* Exercise description: Return nothing but the lines from the one containing "French Louis XVI" through the end of the records below, exactly as they stand and without pictures.

═══

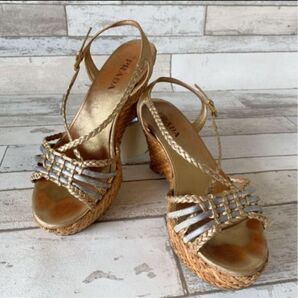 PRADA プラダ ウェッジソールサンダル プラットフォームサンダル ゴールド シルバー 37 1/2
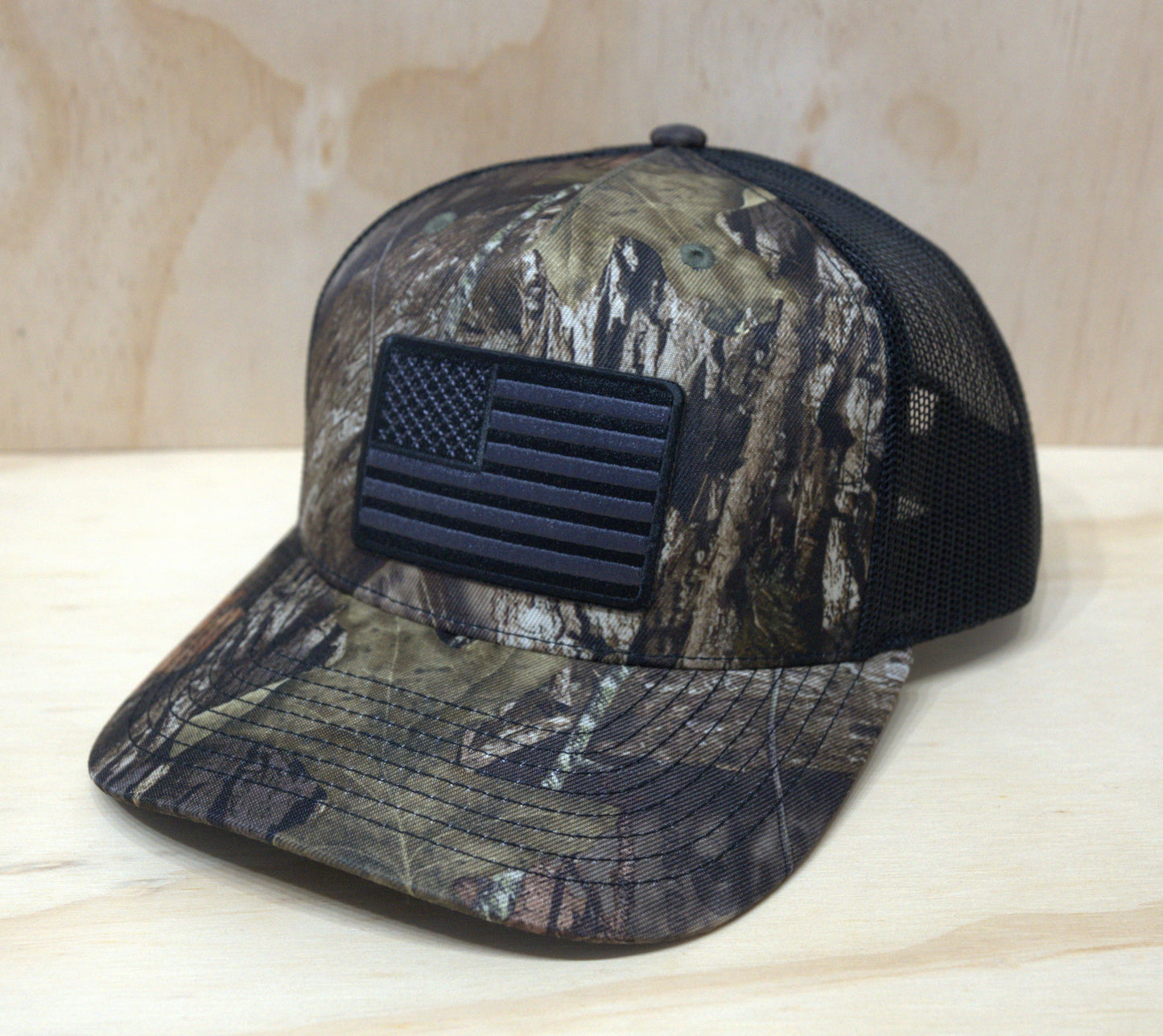 Camo Black White American Flag Trucker Hat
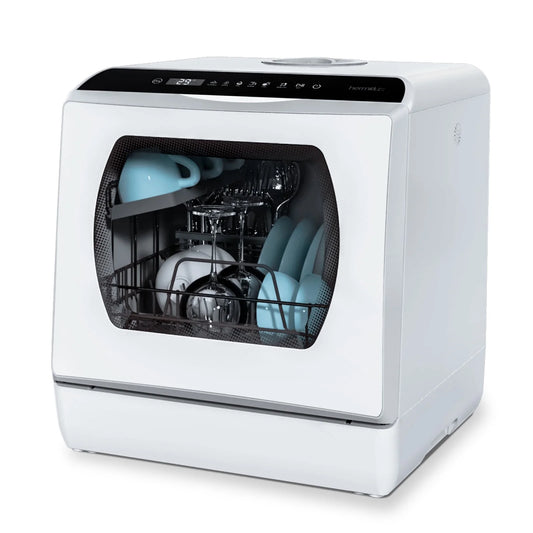 Hermitlux Portable Countertop Dishwasher, 5 Washing Programs, 5L Built-In Water Tank and Air-Dry Function, HMX-DW03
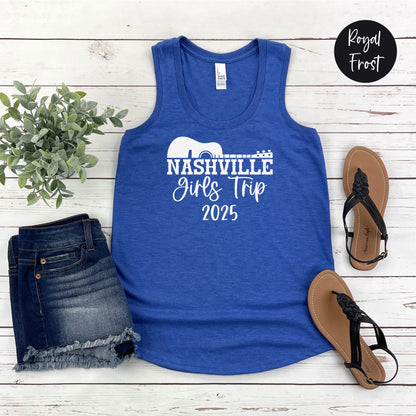 Nashville Girls Trip 2025 Racerback Tank Top, Girls Weekend Getaway, Travel Vacation Tee, Matching Girls Trip Shirts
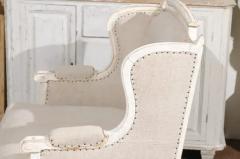 French Louis XVI Style Carved and Painted Wood Marquise Wingback Armchair - 3451128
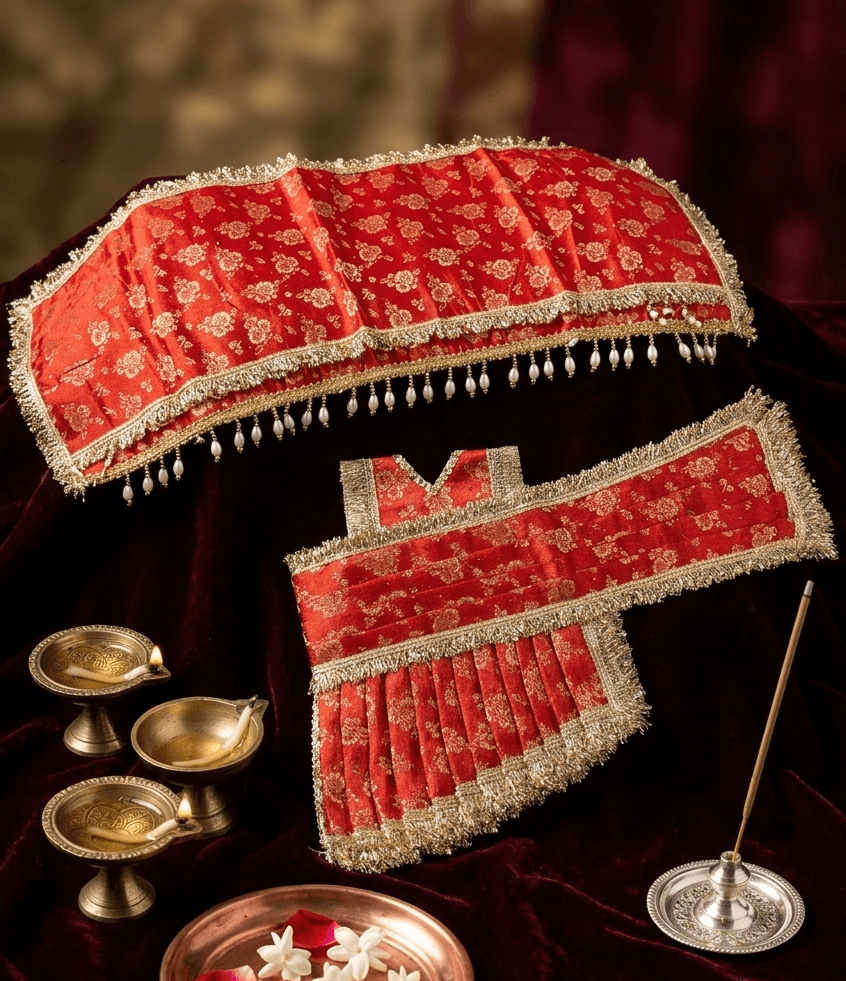 The Sacred Brocade Handcrafted Drape Saree Set for Maa Durga - 9 Inch / Red — image 2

═══

* Written answer:
 French Louis XVI Style Carved and Painted Wood Marquise Wingback Armchair - 3451128
 The Sacred Brocade Handcrafted Drape Saree Set for Maa Durga - 9 Inch / Red — image 2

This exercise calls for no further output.